Comparative analysis of methods for evaluation of protein models against native structures

Affiliations
Comparative Study

Comparative analysis of methods for evaluation of protein models against native structures

Kliment Olechnovič et al. Bioinformatics. .

Abstract

Motivation: Measuring discrepancies between protein models and native structures is at the heart of development of protein structure prediction methods and comparison of their performance. A number of different evaluation methods have been developed; however, their comprehensive and unbiased comparison has not been performed.
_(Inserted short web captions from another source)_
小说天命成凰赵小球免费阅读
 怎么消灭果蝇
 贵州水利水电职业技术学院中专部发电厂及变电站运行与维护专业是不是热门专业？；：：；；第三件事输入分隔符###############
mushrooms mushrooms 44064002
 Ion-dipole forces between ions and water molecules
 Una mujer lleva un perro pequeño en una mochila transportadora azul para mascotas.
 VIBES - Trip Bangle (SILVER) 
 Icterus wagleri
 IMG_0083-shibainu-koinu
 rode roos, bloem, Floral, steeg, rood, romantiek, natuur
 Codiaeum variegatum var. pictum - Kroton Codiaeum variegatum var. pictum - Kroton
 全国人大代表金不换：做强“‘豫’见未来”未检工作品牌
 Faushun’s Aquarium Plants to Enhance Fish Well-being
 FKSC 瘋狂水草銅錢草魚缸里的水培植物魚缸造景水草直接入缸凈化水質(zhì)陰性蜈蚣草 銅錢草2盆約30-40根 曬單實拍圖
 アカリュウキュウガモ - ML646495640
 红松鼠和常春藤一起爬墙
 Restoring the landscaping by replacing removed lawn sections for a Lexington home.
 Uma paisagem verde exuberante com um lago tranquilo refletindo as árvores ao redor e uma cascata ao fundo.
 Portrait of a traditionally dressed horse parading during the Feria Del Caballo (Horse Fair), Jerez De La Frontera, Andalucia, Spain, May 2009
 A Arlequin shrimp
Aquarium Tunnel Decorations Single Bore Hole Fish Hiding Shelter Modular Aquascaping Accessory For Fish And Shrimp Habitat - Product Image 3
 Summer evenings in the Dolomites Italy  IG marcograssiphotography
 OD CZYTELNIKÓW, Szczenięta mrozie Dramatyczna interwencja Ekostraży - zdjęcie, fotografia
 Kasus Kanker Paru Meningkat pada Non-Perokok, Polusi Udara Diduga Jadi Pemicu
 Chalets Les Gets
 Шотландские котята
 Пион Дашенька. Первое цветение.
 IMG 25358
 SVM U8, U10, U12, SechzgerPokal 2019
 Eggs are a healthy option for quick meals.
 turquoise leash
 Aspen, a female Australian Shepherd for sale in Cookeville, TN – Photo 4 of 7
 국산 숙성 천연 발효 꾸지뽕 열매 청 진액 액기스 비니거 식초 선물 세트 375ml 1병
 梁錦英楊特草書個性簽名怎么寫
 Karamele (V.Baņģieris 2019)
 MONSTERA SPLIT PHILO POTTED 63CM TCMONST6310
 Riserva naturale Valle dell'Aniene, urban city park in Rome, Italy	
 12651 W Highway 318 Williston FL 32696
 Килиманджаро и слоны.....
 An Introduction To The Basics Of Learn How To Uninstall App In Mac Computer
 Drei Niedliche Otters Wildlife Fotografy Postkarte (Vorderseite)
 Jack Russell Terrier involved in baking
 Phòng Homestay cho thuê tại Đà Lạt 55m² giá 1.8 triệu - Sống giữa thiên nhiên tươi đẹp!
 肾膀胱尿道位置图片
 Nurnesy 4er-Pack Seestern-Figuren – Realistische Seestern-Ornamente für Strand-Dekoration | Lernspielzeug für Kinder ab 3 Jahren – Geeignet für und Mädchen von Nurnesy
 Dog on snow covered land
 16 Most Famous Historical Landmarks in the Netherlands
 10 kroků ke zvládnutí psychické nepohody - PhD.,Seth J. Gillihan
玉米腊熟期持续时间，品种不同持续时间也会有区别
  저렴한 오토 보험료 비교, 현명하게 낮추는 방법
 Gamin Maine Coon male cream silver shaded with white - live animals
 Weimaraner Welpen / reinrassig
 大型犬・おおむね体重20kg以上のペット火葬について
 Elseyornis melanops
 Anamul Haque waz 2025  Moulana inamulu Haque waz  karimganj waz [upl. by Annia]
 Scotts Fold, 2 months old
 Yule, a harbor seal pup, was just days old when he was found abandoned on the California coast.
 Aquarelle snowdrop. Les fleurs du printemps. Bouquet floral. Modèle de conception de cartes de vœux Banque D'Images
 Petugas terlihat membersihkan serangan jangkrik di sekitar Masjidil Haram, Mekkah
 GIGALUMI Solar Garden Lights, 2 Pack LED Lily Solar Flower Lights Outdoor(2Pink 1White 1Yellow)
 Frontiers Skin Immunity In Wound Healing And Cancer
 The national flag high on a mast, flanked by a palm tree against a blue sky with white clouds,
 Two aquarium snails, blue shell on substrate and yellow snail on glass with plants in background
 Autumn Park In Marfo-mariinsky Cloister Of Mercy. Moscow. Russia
Results: We carried out a comparative analysis of several popular model assessment methods (RMSD, TM-score, GDT, QCS, CAD-score, LDDT, SphereGrinder and RPF) to reveal their relative strengths and weaknesses. The analysis, performed on a large and diverse model set derived in the course of three latest community-wide CASP experiments (CASP10-12), had two major directions. First, we looked at general differences between the scores by analyzing distribution, correspondence and correlation of their values as well as differences in selecting best models. Second, we examined the score differences taking into account various structural properties of models (stereochemistry, hydrogen bonds, packing of domains and chain fragments, missing residues, protein length and secondary structure). Our results provide a solid basis for an informed selection of the most appropriate score or combination of scores depending on the task at hand.

Supplementary information: Supplementary data are available at Bioinformatics online.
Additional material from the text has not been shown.